> **INSTRUCTIONS TO FOLLOW**: Every entry below needs to be repeated exactly as written.
== == ==
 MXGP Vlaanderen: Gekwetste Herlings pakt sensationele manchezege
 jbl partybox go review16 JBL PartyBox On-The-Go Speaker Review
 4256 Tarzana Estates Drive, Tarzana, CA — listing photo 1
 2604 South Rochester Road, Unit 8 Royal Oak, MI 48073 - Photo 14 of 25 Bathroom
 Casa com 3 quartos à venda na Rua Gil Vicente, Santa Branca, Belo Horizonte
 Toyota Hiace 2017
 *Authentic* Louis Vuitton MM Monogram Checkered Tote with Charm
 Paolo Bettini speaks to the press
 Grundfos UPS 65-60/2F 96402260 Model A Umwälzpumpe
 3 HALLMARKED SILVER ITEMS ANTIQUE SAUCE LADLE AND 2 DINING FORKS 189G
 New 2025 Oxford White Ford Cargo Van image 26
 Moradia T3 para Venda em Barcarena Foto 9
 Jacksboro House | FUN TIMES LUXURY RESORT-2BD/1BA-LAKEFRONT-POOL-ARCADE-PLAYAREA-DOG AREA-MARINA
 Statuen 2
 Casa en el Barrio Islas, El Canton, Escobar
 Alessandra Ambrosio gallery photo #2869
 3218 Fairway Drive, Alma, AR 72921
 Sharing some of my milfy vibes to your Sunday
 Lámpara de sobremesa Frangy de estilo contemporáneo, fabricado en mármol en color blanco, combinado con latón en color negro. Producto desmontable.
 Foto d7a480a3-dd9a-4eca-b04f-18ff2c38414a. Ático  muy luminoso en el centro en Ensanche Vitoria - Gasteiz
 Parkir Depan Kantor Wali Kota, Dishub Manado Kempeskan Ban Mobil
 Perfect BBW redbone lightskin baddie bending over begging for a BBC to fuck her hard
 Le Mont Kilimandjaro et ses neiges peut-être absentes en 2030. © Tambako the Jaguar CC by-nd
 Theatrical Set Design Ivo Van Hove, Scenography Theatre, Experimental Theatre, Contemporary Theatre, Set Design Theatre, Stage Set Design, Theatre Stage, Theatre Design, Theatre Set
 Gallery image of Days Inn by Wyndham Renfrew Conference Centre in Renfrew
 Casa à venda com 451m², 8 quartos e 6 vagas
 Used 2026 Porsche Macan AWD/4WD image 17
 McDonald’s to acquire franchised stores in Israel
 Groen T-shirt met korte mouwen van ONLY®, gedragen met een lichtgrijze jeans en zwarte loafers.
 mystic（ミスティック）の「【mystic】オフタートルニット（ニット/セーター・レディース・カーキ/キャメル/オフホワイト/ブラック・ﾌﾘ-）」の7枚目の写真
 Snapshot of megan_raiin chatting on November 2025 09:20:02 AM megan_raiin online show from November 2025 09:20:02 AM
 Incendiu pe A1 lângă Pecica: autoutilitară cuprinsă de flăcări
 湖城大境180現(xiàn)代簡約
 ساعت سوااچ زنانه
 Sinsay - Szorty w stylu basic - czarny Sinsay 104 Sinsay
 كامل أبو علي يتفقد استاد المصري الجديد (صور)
== == ==
> **SOLVED PROBLEM**:
 MXGP Vlaanderen: Gekwetste Herlings pakt sensationele manchezege
 jbl partybox go review16 JBL PartyBox On-The-Go Speaker Review
 4256 Tarzana Estates Drive, Tarzana, CA — listing photo 1
 2604 South Rochester Road, Unit 8 Royal Oak, MI 48073 - Photo 14 of 25 Bathroom
 Casa com 3 quartos à venda na Rua Gil Vicente, Santa Branca, Belo Horizonte
 Toyota Hiace 2017
 *Authentic* Louis Vuitton MM Monogram Checkered Tote with Charm
 Paolo Bettini speaks to the press
 Grundfos UPS 65-60/2F 96402260 Model A Umwälzpumpe
 3 HALLMARKED SILVER ITEMS ANTIQUE SAUCE LADLE AND 2 DINING FORKS 189G
 New 2025 Oxford White Ford Cargo Van image 26
 Moradia T3 para Venda em Barcarena Foto 9
 Jacksboro House | FUN TIMES LUXURY RESORT-2BD/1BA-LAKEFRONT-POOL-ARCADE-PLAYAREA-DOG AREA-MARINA
 Statuen 2
 Casa en el Barrio Islas, El Canton, Escobar
 Alessandra Ambrosio gallery photo #2869
 3218 Fairway Drive, Alma, AR 72921
 Sharing some of my milfy vibes to your Sunday
 Lámpara de sobremesa Frangy de estilo contemporáneo, fabricado en mármol en color blanco, combinado con latón en color negro. Producto desmontable.
 Foto d7a480a3-dd9a-4eca-b04f-18ff2c38414a. Ático  muy luminoso en el centro en Ensanche Vitoria - Gasteiz
 Parkir Depan Kantor Wali Kota, Dishub Manado Kempeskan Ban Mobil
 Perfect BBW redbone lightskin baddie bending over begging for a BBC to fuck her hard
 Le Mont Kilimandjaro et ses neiges peut-être absentes en 2030. © Tambako the Jaguar CC by-nd
 Theatrical Set Design Ivo Van Hove, Scenography Theatre, Experimental Theatre, Contemporary Theatre, Set Design Theatre, Stage Set Design, Theatre Stage, Theatre Design, Theatre Set
 Gallery image of Days Inn by Wyndham Renfrew Conference Centre in Renfrew
 Casa à venda com 451m², 8 quartos e 6 vagas
 Used 2026 Porsche Macan AWD/4WD image 17
 McDonald’s to acquire franchised stores in Israel
 Groen T-shirt met korte mouwen van ONLY®, gedragen met een lichtgrijze jeans en zwarte loafers.
 mystic（ミスティック）の「【mystic】オフタートルニット（ニット/セーター・レディース・カーキ/キャメル/オフホワイト/ブラック・ﾌﾘ-）」の7枚目の写真
 Snapshot of megan_raiin chatting on November 2025 09:20:02 AM megan_raiin online show from November 2025 09:20:02 AM
 Incendiu pe A1 lângă Pecica: autoutilitară cuprinsă de flăcări
 湖城大境180現(xiàn)代簡約
 ساعت سوااچ زنانه
 Sinsay - Szorty w stylu basic - czarny Sinsay 104 Sinsay
 كامل أبو علي يتفقد استاد المصري الجديد (صور)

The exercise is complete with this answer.